• **How to complete this task**
What you return should be the lines from the one with "Game Collection Tracker screenshot 7" through the one with "Nonnie Loves Me Mug (Right)" in the data below, reproduced exactly with both ends, and no pictures at all.

• **Data records**
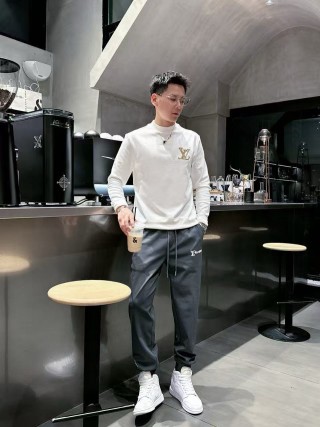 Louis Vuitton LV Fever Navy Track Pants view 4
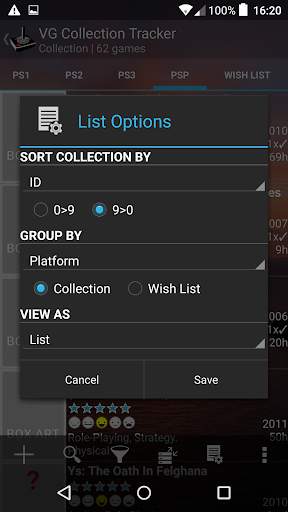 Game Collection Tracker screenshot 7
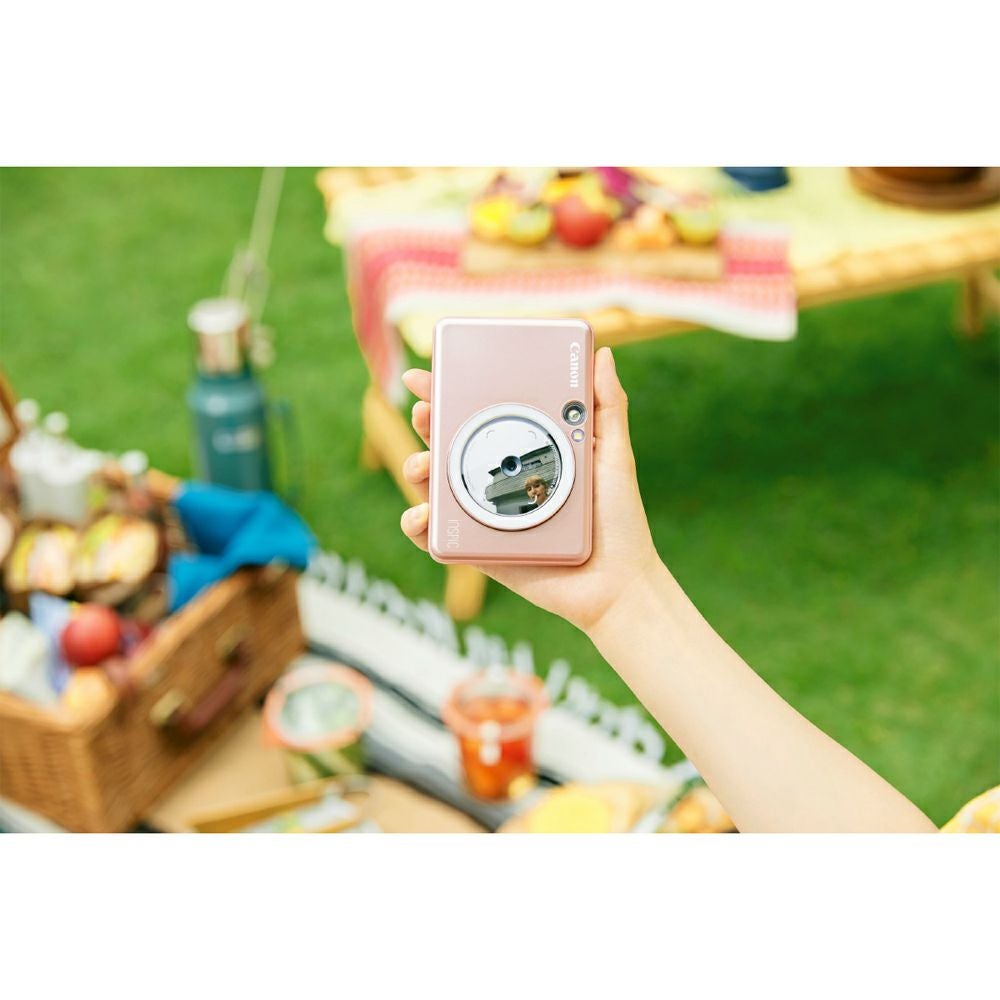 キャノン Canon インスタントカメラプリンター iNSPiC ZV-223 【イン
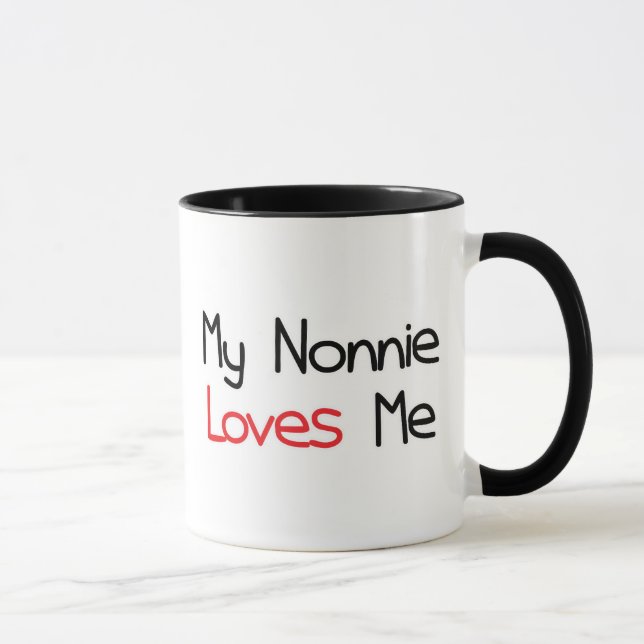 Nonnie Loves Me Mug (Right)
--
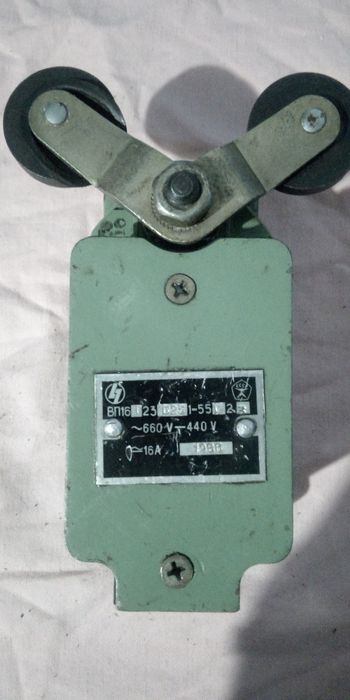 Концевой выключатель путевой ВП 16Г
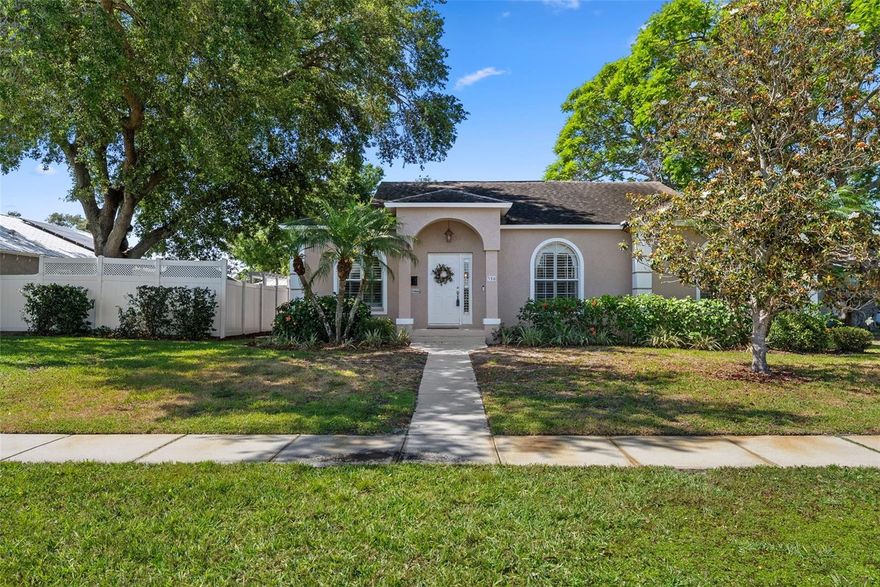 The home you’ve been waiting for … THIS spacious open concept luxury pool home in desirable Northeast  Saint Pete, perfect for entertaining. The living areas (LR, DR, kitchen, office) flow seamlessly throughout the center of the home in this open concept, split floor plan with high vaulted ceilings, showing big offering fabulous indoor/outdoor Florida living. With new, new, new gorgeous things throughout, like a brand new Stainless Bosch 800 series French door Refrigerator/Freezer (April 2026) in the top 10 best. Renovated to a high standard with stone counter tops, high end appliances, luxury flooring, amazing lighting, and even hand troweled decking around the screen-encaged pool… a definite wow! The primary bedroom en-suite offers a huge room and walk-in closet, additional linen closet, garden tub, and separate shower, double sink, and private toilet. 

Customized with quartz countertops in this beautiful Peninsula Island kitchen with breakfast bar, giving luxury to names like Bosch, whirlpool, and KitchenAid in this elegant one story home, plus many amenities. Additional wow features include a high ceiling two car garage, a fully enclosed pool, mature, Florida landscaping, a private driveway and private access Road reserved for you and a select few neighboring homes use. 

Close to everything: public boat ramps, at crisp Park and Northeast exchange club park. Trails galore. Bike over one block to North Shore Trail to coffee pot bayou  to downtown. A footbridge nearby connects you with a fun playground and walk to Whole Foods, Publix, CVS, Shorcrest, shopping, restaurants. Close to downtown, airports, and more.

• **Finished exercise**
 Game Collection Tracker screenshot 7
 キャノン Canon インスタントカメラプリンター iNSPiC ZV-223 【イン
 Nonnie Loves Me Mug (Right)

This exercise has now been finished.